I've read almost all the threads about how to improve BigQuery performance, to retrieve data in milliseconds or at least under a second. I decided to use BI Engine for the purpose because it has seamless integration without code changes, it supports partitioning, smart offloading, real-time data, built-in compression, low latency, etc.
Unfortunately for the same query, I got a slower response time with the BI engine enabled, than just the query with cache enabled.
- BigQuery with cache hit
Average 691ms response time from BigQuery API
https://gist.github.com/bgizdov/b96c6c3d795f5f14e5e9a3e9d7091d85
- BigQuery + BiEngine
Average 1605ms response time from BigQuery API.
finalExecutionDurationMs is about 200-300ms, but the total time to retrieve the data (just 8 rows) is 5-6 times more.
BigQuery UI: Elapsed 766ms, the actual time for their call to REST entity service is 1.50s. This explains why I get similar results.
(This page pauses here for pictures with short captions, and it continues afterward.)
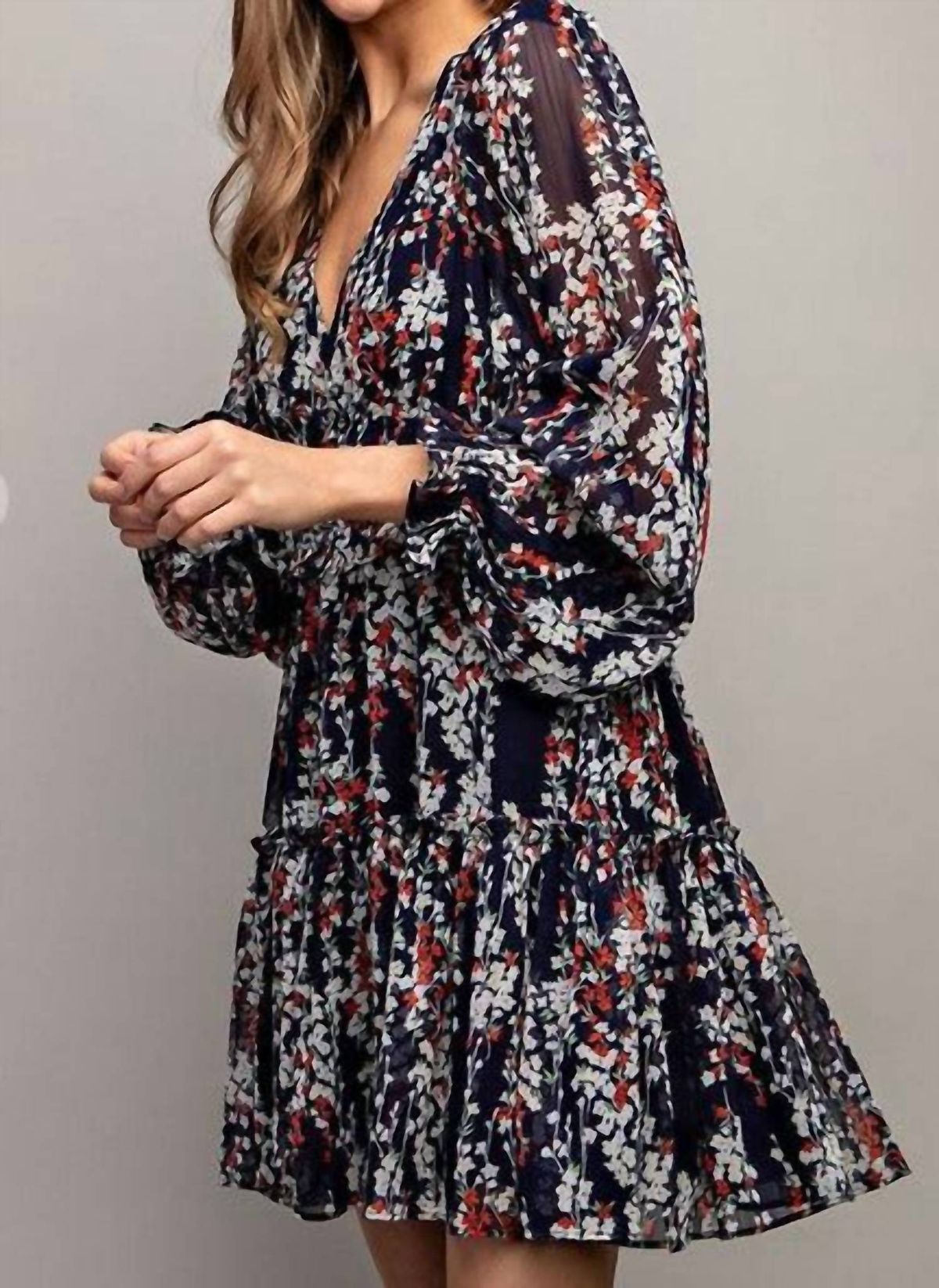 Style 1-537145005-149 ee:some Size L Floral Navy Blue Cocktail Dress on Queenly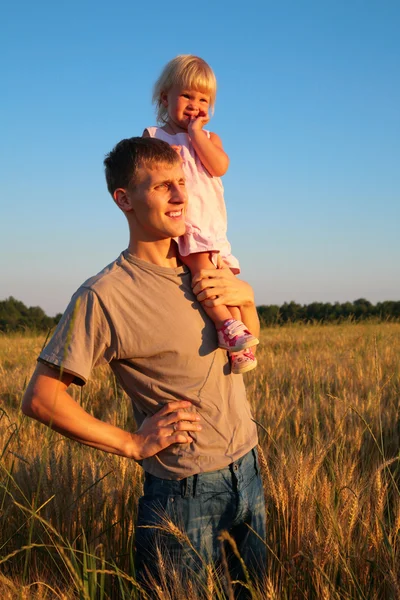 Father hold daughter on shoulder on wheaten field — Stock Photo, Image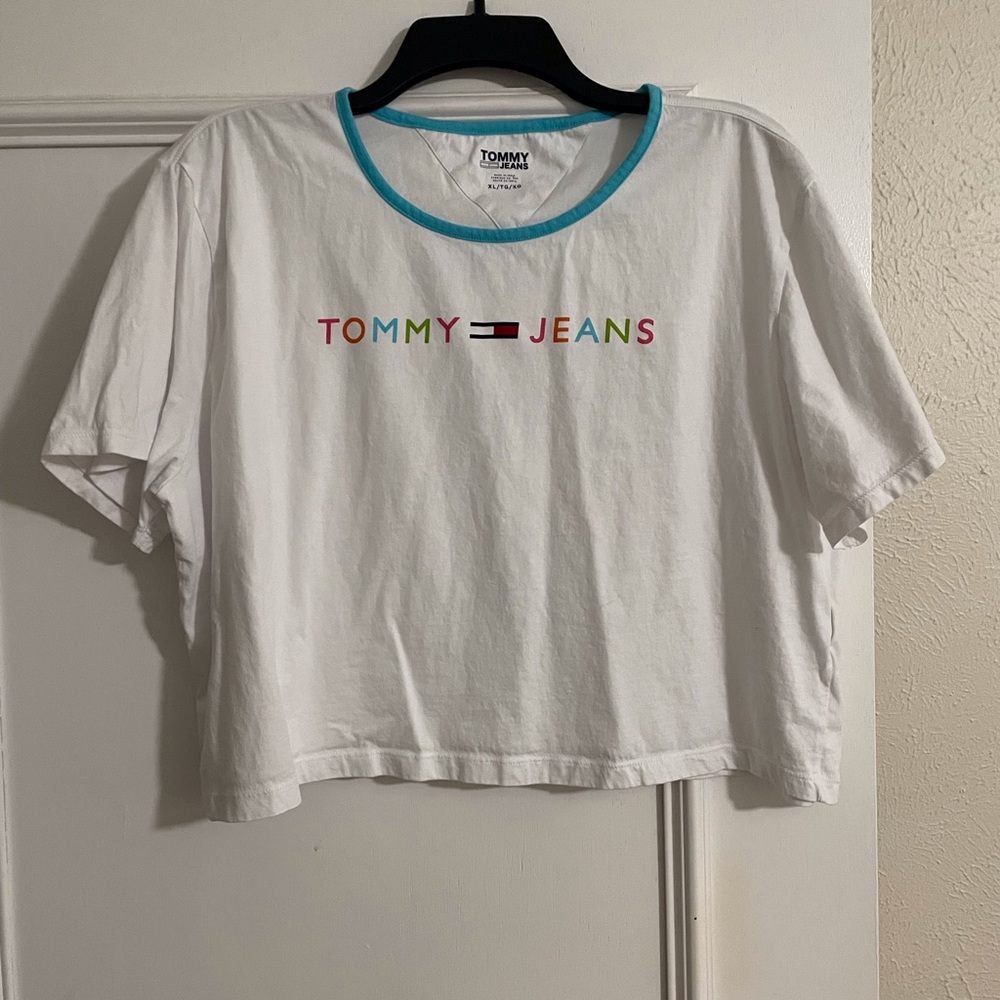 Tommy Hilfiger Crop Tee size XL
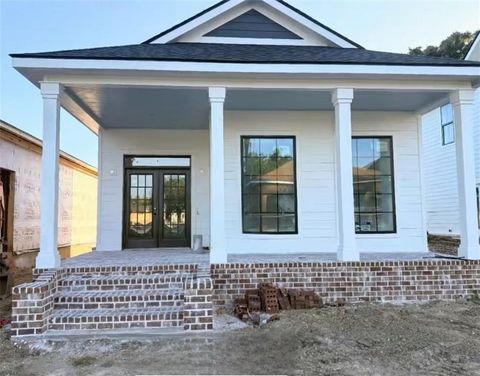 Single Family Residence in Mobile AL 253 Dearborn Street.jpg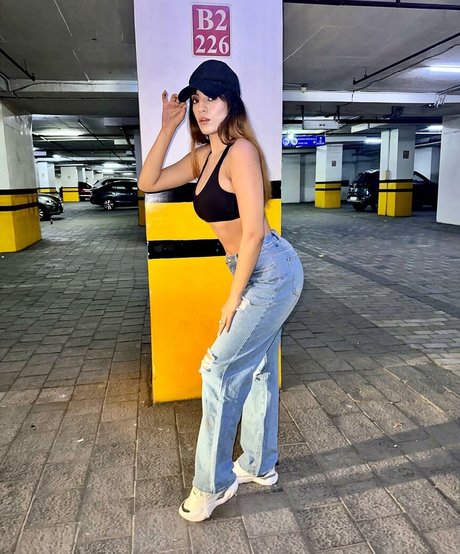 asian girlfriend onlyfans top gallery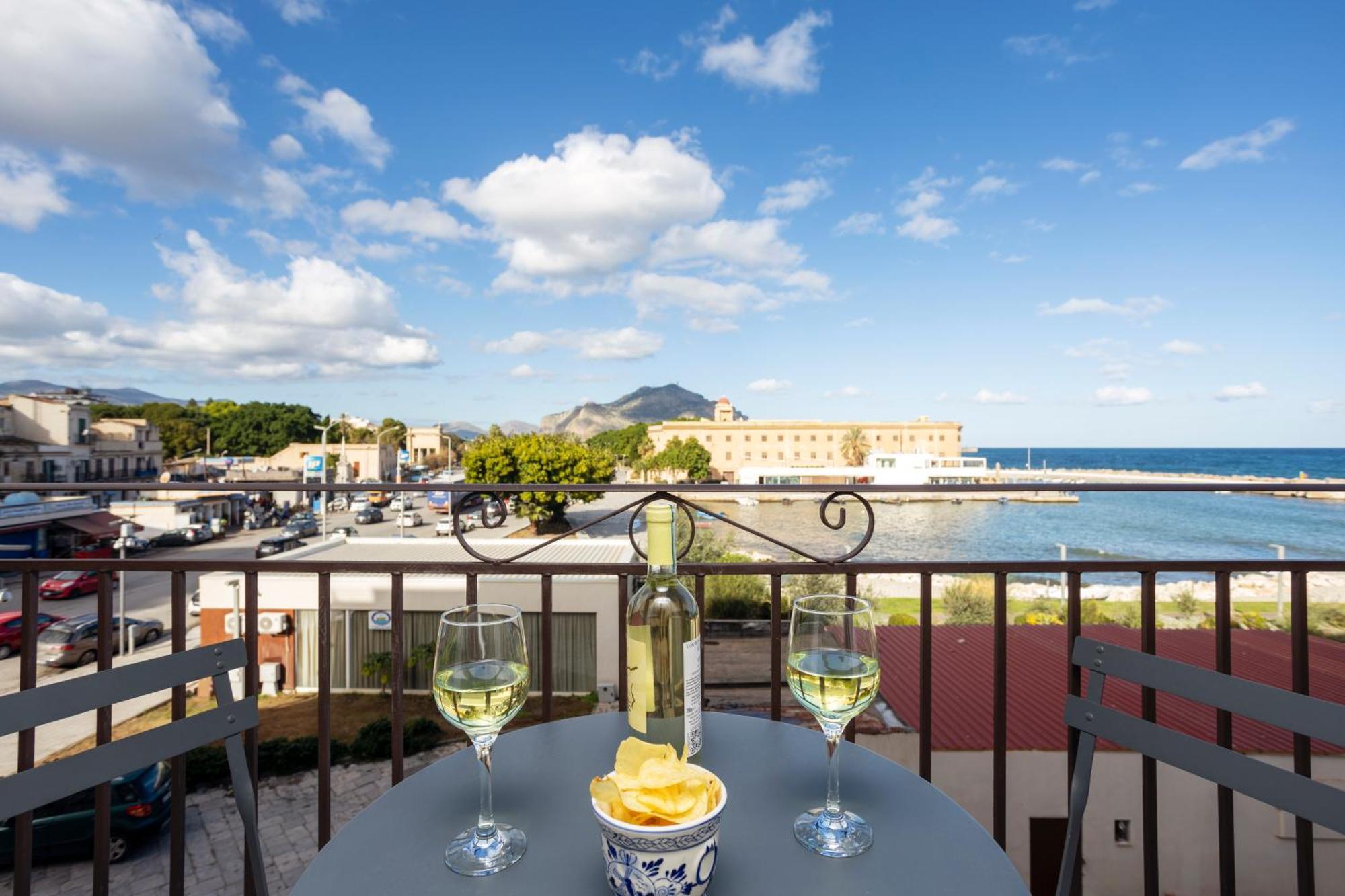 Erasmo Home Luxury Vista Mare Palermo Exterior photo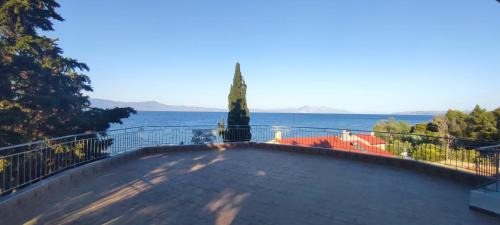 Arkitsa Apartment | Φάρος Αρκίτσας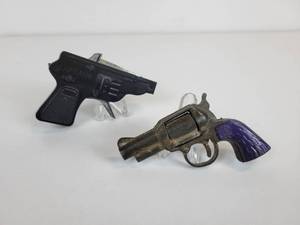 lot 223 image: Pair of Vintage Small Cap Guns - Captain and Zee Toys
https://gist.github.com/bgizdov/fcabcbce9f96cf7dc618298b2d69575d
I am using Quarkus with BigQuery integration and measuring the time for the query with Stopwatch by Guava.
The table is about 350MB, the BI reservation is 1GB. The returned rows are 8, aggregated from 300 rows. This is a very small data size with a simple query. I know BigQuery does not perform well with small data sizes, or it doesn't matter, but I want to get data for under a second, that's why I tried BI, and it will not improve with big datasets.